Donald Trump says he hates what lobbyists and super PACs are doing to our political system. According to him, his most attractive quality as a candidate—besides, obviously, his terrific looks—is his wealth, because it means Trump will never find himself beholden to anyone but Trump.
At a press conference in Dubuque, Iowa, on Tuesday evening, Trump told reporters, “I know the system better than anybody. The fact is that whether it’s Jeb, or Hillary, or any of ’em—they’re all controlled by these people! And the people that control them are the special interests, the lobbyists and the donors.”
He smiled slightly.
“You know what’s nice about me?” he asked. “I don’t need anybody’s money.”
In practice, however, the candidate seems willing to associate himself with just about anyone offering support—even if that support comes in the form of everything he hates rolled into one: a super PAC run by lobbyists.
On July 1, a pro-Trump super PAC, Make America Great Again PAC, filed with the FEC.
The organization listed on its paperwork a New York City address, which Bloomberg traced to a Midtown FedEx store. The address the PAC provided for supporters to mail their checks to was a Midtown UPS store. Calls to the group’s listed phone number went unanswered, as did an email. The treasurer who submitted the form to the FEC signed it “Les Caldwell,” short for Leslie, and Leslie refused to comment on the record to Politico, while just about every Leslie Caldwell listed in New York chose not to answer or return any of my calls.
Curiously, a closer look at the group’s filing reveals a return address not in New York City but in Colorado.
That address belongs to Jon Anderson, a lobbyist whose “practice is focused on corporate compliance and representing clients before federal, state and local government,” according to the website of his firm, Holland & Hart.
A consultant for the PAC, Mike Ciletti, also from Colorado, is also a lobbyist. He has his own group, New West Public Affairs, which he co-founded in 2009, according to his LinkedIn profile. His clients include the Community Financial Services Association, the trade association for payday lenders, which are often accused of predatory lending.
Anderson didn’t return a call, and Ciletti responded to interview requests with frustration that his activity with the PAC had placed him in the spotlight. “Personally I am waiting to see what other email addresses, phone numbers you can find to try to reach me at.

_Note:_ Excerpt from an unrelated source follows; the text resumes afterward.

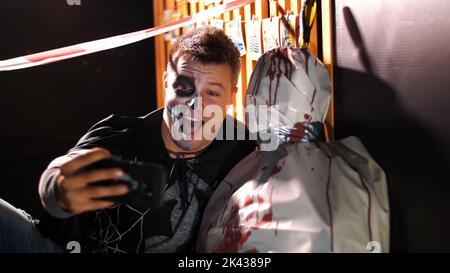 Halloween party, night, twilight, in the rays of light, a man with a terrible makeup does selfie with a corpse wrapped in oilcloth, the corpse is smeared with blood. High quality photo Stock Photo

Hats off to you,” he said in an email. “I am not interested in going on the record at this point, perhaps in the future. The focus should be on the candidates.”

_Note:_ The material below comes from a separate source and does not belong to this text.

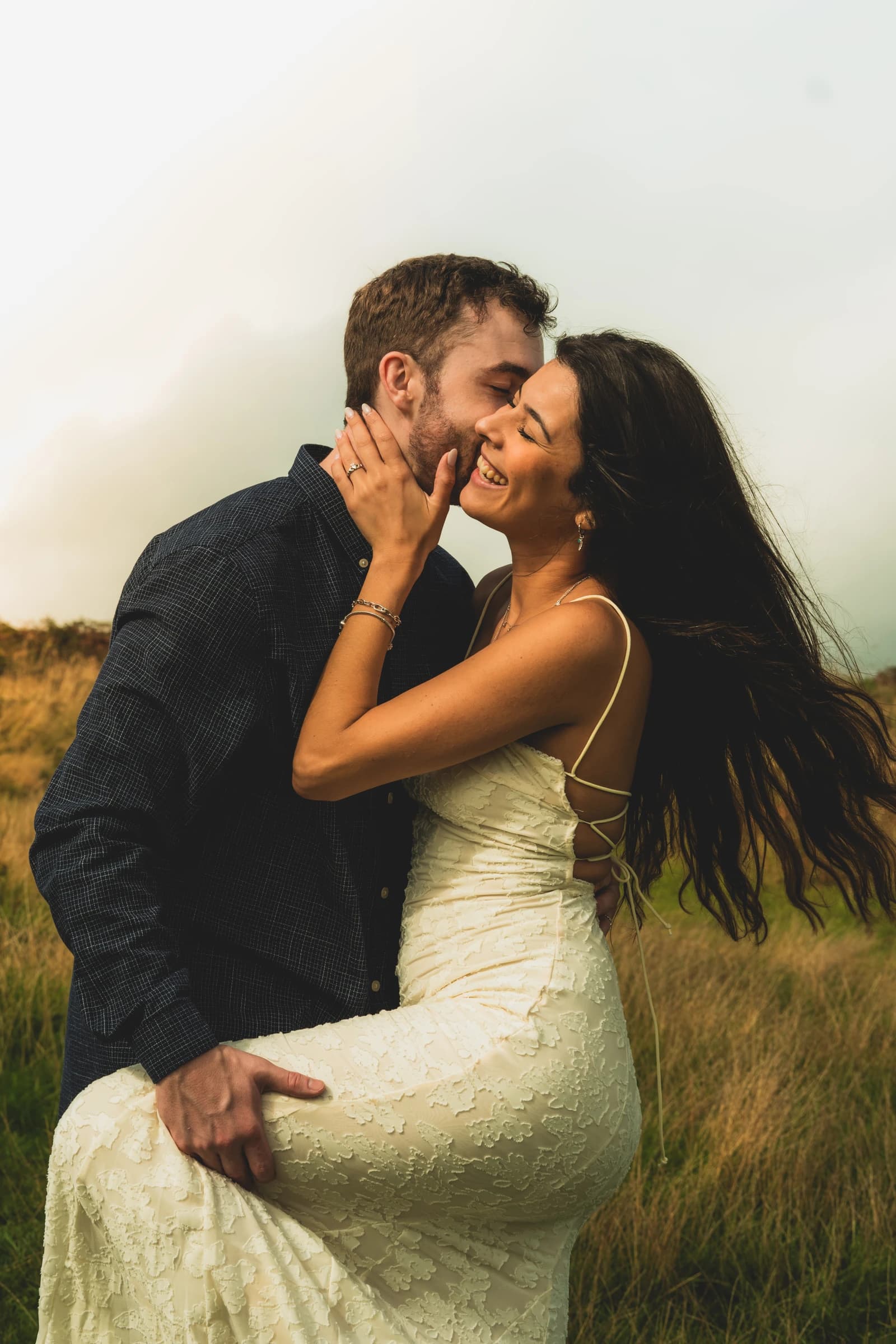 Jamie kissing Alice on the cheek as she smiles in a grassy field.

At first glance, Make America Great Again PAC seems like it could be a so-called scam PAC, or a fake political operation intended to do nothing more than help its founders get rich. Scam PACs have been cropping up since the rise of the Tea Party. A Politico investigation in January found that of the $43 million that 33 PACs together raised in the 2014 election cycle, only $3 million was spent on candidates. The rest, well…

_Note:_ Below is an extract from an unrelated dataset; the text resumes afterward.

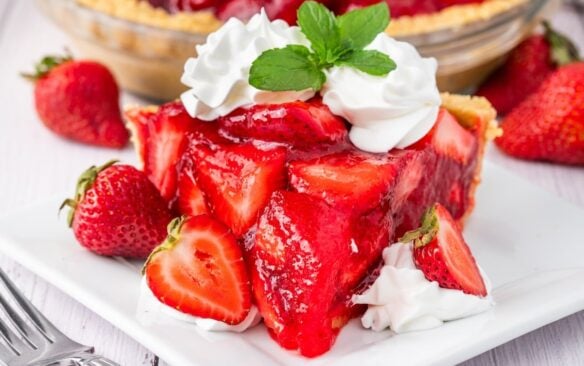 slice of fresh strawberry pie on a white plate.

But Trump seemed to quash those concerns when in mid-July he attended a 200-person fundraiser organized by Make America Great Again PAC at a private home in Manhattan. “It was a combination of friends that have known Mr. Trump for years while others were meeting with him for the first time,” press-shy Ciletti told the press.
Make America Great Again PAC is one of four PACs supporting Trump’s candidacy, though it is the only one to receive his endorsement in the form of a fundraiser appearance.
It might even be said that, when you really assess the pillars of Trump’s campaign platform, he might be known as the Buddy Roemer of 2016—if Trump weren’t so bombastic and intent on incessant racial insensitivity.
To the extent that he is selling a political philosophy, it’s this: “I’m really rich.” He’s not just bragging when he says that. What he means is that the system is so broken that anyone who is not really rich is at the mercy of their financial backers. “I’m really rich” is Trump’s way of saying he is, by virtue of his terrific wealth, incorruptible.
Trump is a cynic. In his view, the only way to fix the broken process by which candidates are elected using massive sums of money funneled to them by shadow organizations and power-hungry billionaires looking to get favors in return is to evade the process altogether by supporting someone like him—someone with the capacity to be their own biggest donor, and thus to answer to no one but themselves.
In his June 16 announcement speech, Trump mentioned lobbyists six times.
“I’ve watched politicians,” he said. “They will never make America great again. They don’t even have a chance. They’re controlled fully—they’re controlled fully by the lobbyists, and by the special interests, fully.”
Ford Motor, Trump complained, was going to build a $2.5 billion car factory in Mexico, and if anyone besides him were president, they couldn’t do a thing to stop it. “They’re going to get a call from the donors or probably from the lobbyist for Ford and say, ‘You can’t do that to Ford, because Ford takes care of me and I take care of you, and you can’t do that to Ford.’”
President Trump, of course, could do whatever he pleased to Ford. “I’m using my own money,” he said. “I’m not using the lobbyists. I’m not using donors. I don’t care. I’m really rich.”